Se fue Miguel Grinberg. Recuerdo ahora la revista Mutantia. Es 1980 y yo imito cada gesto de mi hermano Pablo, incluso el de leer esa revista. Las casas de Santa Fe tienen humedad, gruesos muebles de madera, discos de Pink Floyd y plantas salidas de una novela de Asimov.
Ambos tenemos el cabello largo, pero él tiene una sonrisa arrasadora, yo unos dientes equivocados. Él es una máquina de generar amor e inteligencia, yo recién me voy abriendo paso por la vida. Todo eso, que tanto añoro, desapareció con esa innecesaria brutalidad que tiene la vida.

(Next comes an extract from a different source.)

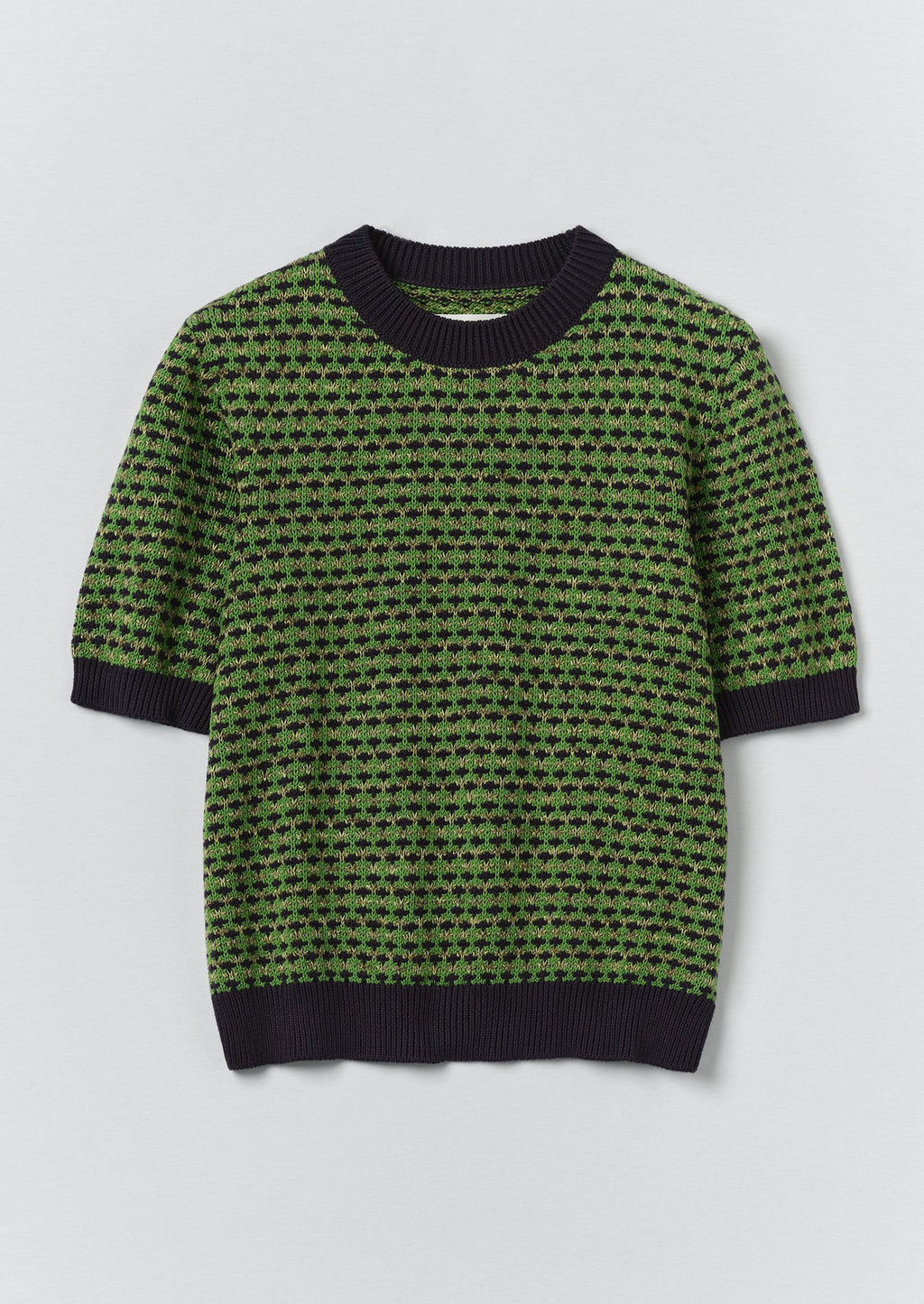 Jacquard Knitted Cotton Top | Green Multi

Tiempo después puse el lema de Mutantia (Zona de lucidez implacable) en la pared del mono-ambiente en el que vivía en Rosario, mientras escribía como poseído en una vieja máquina de escribir y me daba cuenta –gracias a un poema de Miguel Hernández- que mi hermano ya no volvería.
En los tempranos 80 (oscuros, bellísimos) los kioscos estaban llenos de revistas así. Había, incluso, tiempo para leerlas. Los ojos de los lectores estaban llenos de futuro. Y las bocas, llenas de certezas. Ahora, no sé. Quizás sea mejor así.